Die Strafe war unter Berücksichtigung des verhältnismäßig kurzen Tatzeitraumes von elf Tagen und dem Faktum, dass die Änderung der Behandlungsanlage ausschließlich darin bestand, dass die Manipulationen nicht auf den dafür vorgesehenen Freiflächen des Zwischenlagerplatzes durchgeführt wurden, allerdings ansonsten vom Genehmigungsbescheid gedeckt waren, herabzusetzen.
Unter Würdigung des vorgetragenen Sachverhaltes findet das Landesverwaltungsgericht die nunmehr festgesetzte Strafe schuld-, tat-, vermögens- und einkommensangemessen.
7. Da der Beschwerde teilweise Folge gegeben wurde, entfällt gemäß § 52 Abs 8 VwGVG die Vorschreibung eines Beitrages zu den Kosten des Beschwerdeverfahrens. Außerdem verringert sich der Beitrag zu den Kosten des behördlichen Verfahrens auf 10 % der nunmehr herabgesetzten Strafe, mindestens jedoch auf 10 Euro.

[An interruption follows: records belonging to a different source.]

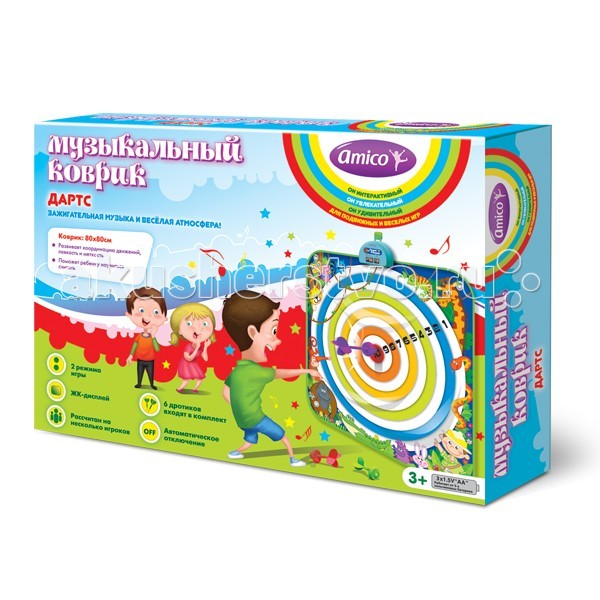 

Игровой коврик Ami&Co (AmiCo) Дартс 20609, Дартс 20609
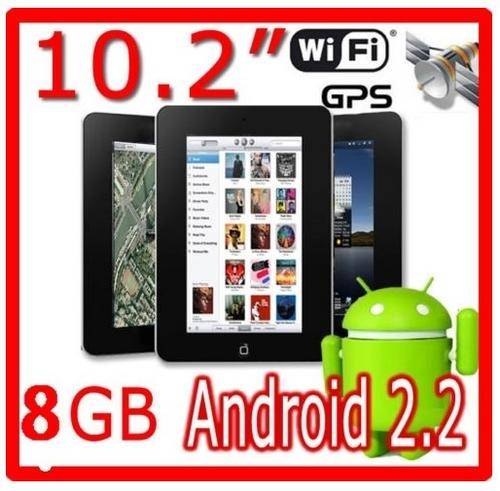 Lastest 10.2" Superpad 8GB Tablet PC MID Netbook WiFi Android 2.3 - GPS 1GHZ CPU 512MB RAM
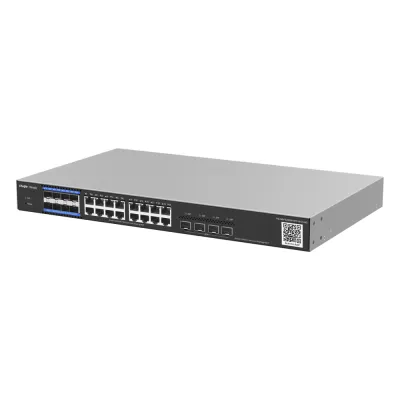 e-Lighten OLT / Switch Hibrido, Capa 3 con 8 Puertos PON 1G, 16 Puertos Ethernet 1G y 4 Puertos SFP+ 10G, perfecto para migrar a Soluciones de Fibra PON hasta 256 ONUs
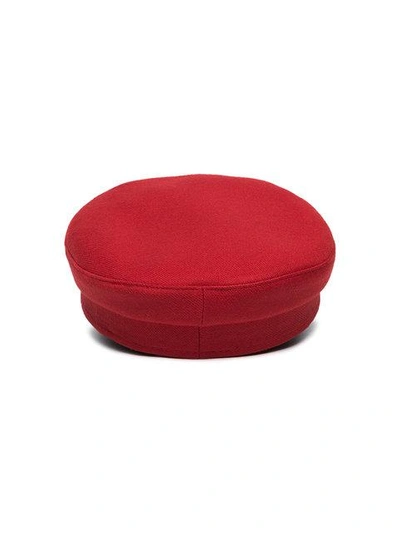 Ruslan Baginskiy Baker Boy Cap In Red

8. Dieser Sachverhalt wird auf Grund des durchgeführten Ermittlungsverfahrens, insbesondere auf Grund der Aktenlage als erwiesen angenommen und vom Beschwerdeführer nicht bestritten. Von der Durchführung einer mündlichen Verhandlung konnte Abstand genommen werden, zumal keine Partei der Durchführung einer mündlichen Verhandlung beantragt hat und der entscheidungswesentliche Sachverhalt ausreichend geklärt ist sowie nur eine rechtlich unrichtige Beurteilung behauptet wurde.
9. Die Revision ist unzulässig, da keine Rechtsfrage im Sinne des Art 133 Abs 4 B-VG zu beurteilen war, der grundsätzliche Bedeutung zukommt. Weder weicht die gegenständliche Entscheidung von der bisherigen Rechtsprechung des Verwaltungsgerichtshofes ab, noch fehlt es an einer Rechtsprechung des Verwaltungsgerichtshofes. Weiters ist die dazu vorliegende Rechtsprechung des Verwaltungsgerichtshofes auch nicht als uneinheitlich zu beurteilen. Ebenfalls liegen keine sonstigen Hinweise auf eine grundsätzliche Bedeutung der zu lösenden Rechtsfrage vor.